» Task instructions:
For the material below, reproduce exactly each line from the one that has "Miniatura 5 de" through the one that has "Class Of 2026", and no others; pictures stay out.

» Excerpted records:
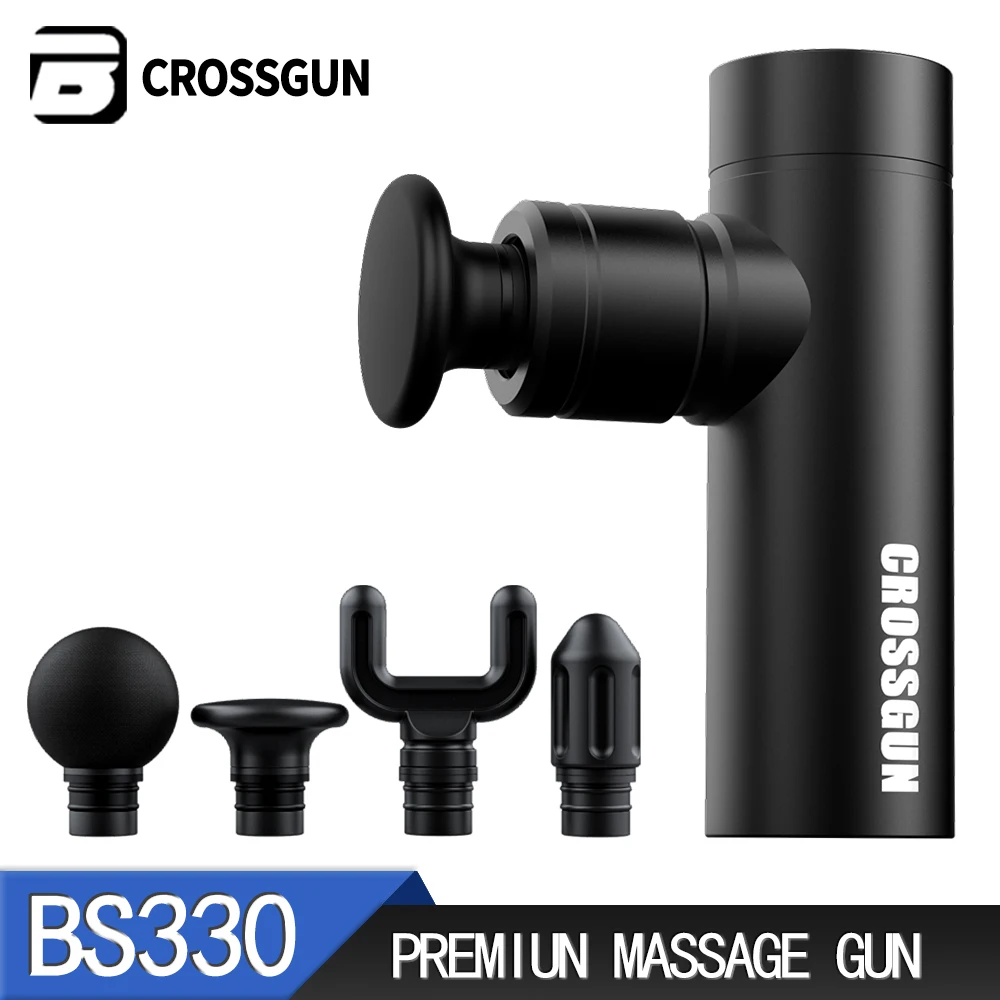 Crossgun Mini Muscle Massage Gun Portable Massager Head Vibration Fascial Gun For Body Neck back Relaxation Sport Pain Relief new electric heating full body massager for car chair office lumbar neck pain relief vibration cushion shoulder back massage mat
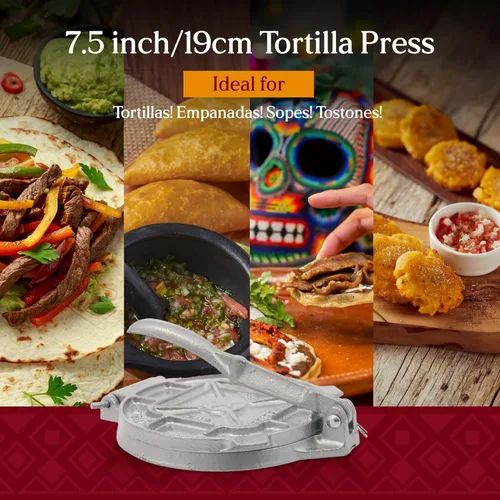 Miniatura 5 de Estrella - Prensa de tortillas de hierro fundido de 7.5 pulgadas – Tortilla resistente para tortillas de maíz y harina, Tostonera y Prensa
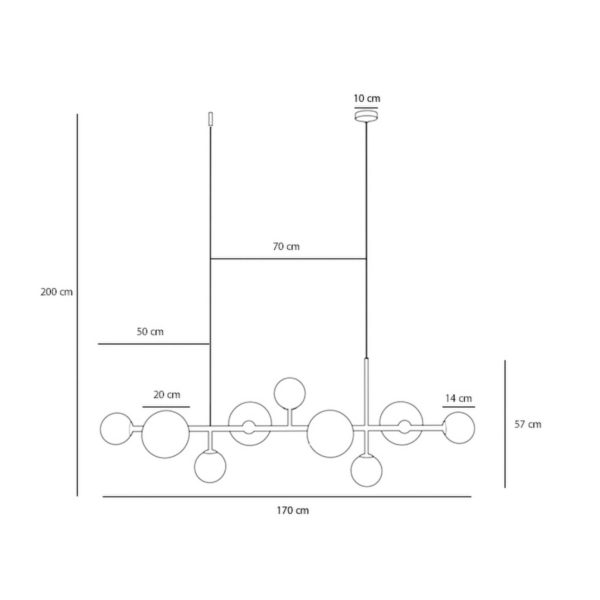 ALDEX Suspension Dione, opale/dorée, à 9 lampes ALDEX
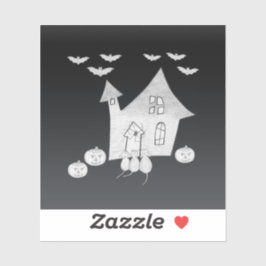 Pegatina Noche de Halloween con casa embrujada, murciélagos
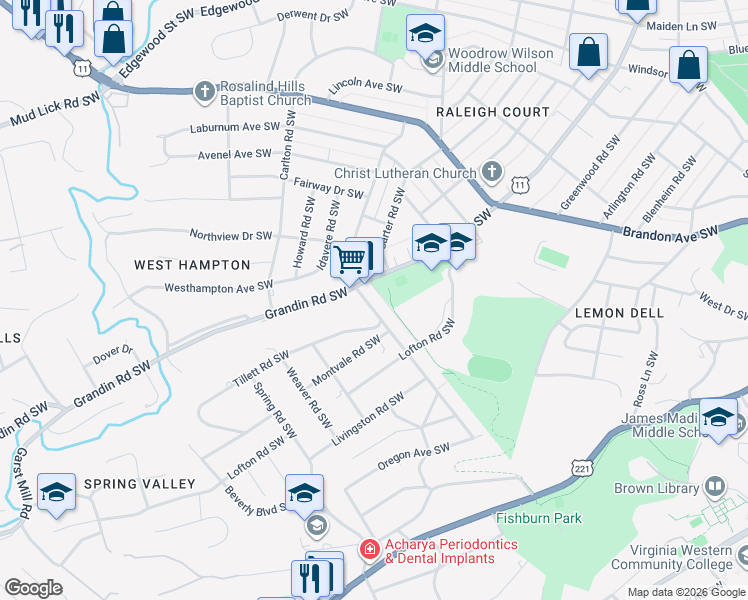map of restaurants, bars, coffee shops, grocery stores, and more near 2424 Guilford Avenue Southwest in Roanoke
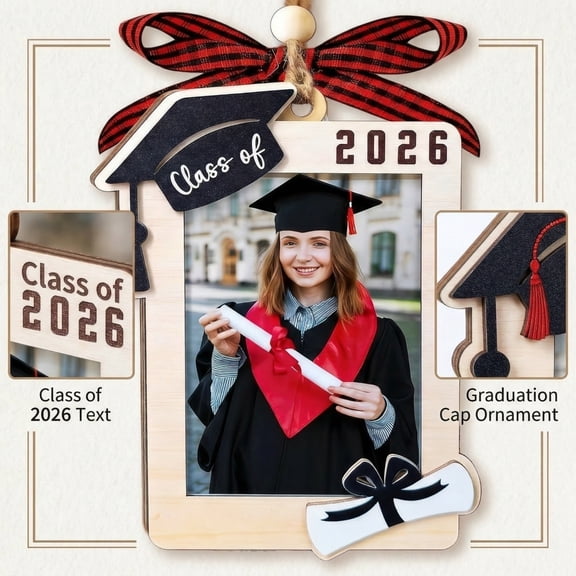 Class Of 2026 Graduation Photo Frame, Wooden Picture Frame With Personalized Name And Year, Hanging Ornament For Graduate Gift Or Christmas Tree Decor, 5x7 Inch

---

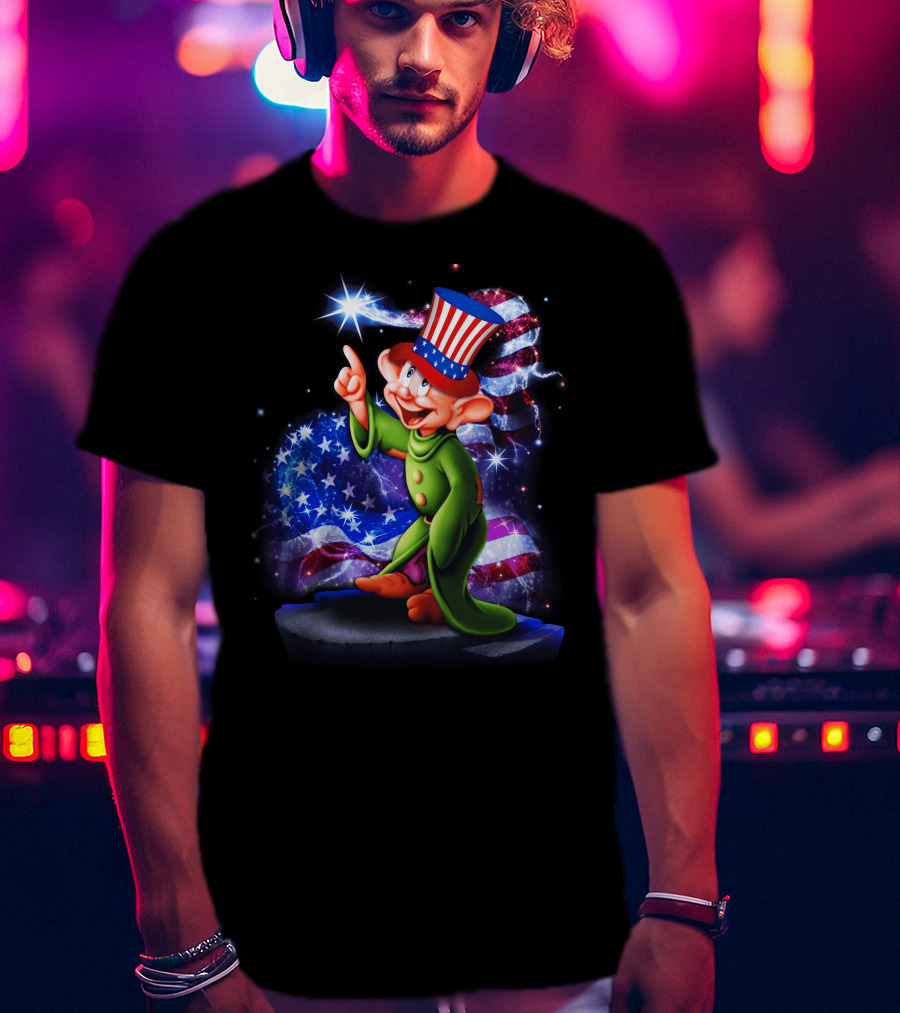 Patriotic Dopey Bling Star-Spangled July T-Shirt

» Expected answer:
 Miniatura 5 de Estrella - Prensa de tortillas de hierro fundido de 7.5 pulgadas – Tortilla resistente para tortillas de maíz y harina, Tostonera y Prensa
 ALDEX Suspension Dione, opale/dorée, à 9 lampes ALDEX
 Pegatina Noche de Halloween con casa embrujada, murciélagos
map of restaurants, bars, coffee shops, grocery stores, and more near 2424 Guilford Avenue Southwest in Roanoke
 Class Of 2026 Graduation Photo Frame, Wooden Picture Frame With Personalized Name And Year, Hanging Ornament For Graduate Gift Or Christmas Tree Decor, 5x7 Inch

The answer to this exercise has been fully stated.